基因序列:GCCACGAACTTCTCTCTGTTAAAGCAAGCAGGAGATGTTGAAGAAAACCCCGGGCC(SEQID NO:2)。
1、引物设计
设计小球菌病毒脯氨酸羟化酶的引物HU和HD,HU前连接酶切位点,HD前连接2A剪切肽的前半部分。进行SOE-PCR,得到产物HA。
设计胶原蛋白的引物CU和CD,CU前连接2A剪切肽的后半部分,CD前连接his纯化标签和酶切位点。进行SOE-PCR,得到产物CA。
反应条件:95 ℃ 3 min;95 ℃ 15 s,60 ℃ 15 s,72 ℃ 90 s,30 个循环;72 ℃5 min,对所得产物进行电泳检测及产物纯化。
引物序列:
CU:GAAGAAAACCCCGGGCCGGTAACACTGGTGCTCCTGGCAGCC(SEQ ID NO:3);
CD:TCTAGATAAAAAGCAAACAGGGCCA(SEQ ID NO:4);
HU:GAATTCCGGCGAGAGGGGTTTGAA(SEQ ID NO:5);
HD:AACAGAGAGAAGTTCGTGGCTTTAACAGCACGGATCCATTG(SEQ ID NO:6);
进行Touch down两步重叠PCR,反应体系为:2x Phanta Max Master Mix 12.5 μL,引物CU 2 μL,引物 HD 2 μL,DA 1 μL,CA 1 μL。
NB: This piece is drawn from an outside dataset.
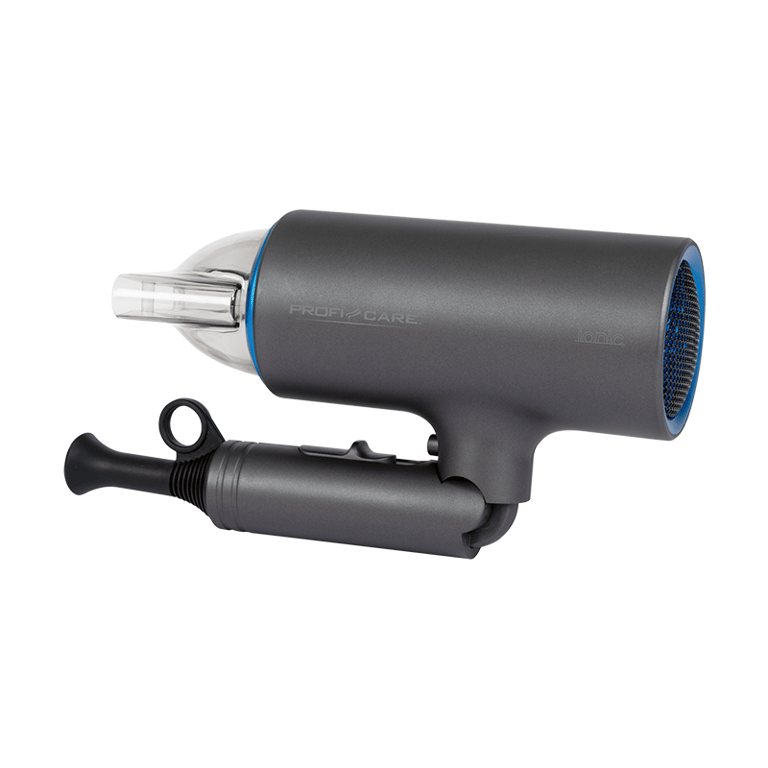 Sèche cheveux pliable Proficare PC HT 3073 Neuf - vue 2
反应条件:95 ℃ 3 min;92 ℃ 15 s,74 ℃ 150 s,5 个循环;95 ℃ 15 s,72 ℃150 s,5 个循环;95 ℃ 15 s,70 ℃ 150 s,5 个循环;95 ℃ 15 s,68 ℃ 150 s,25 个循环;68 ℃ 5 min。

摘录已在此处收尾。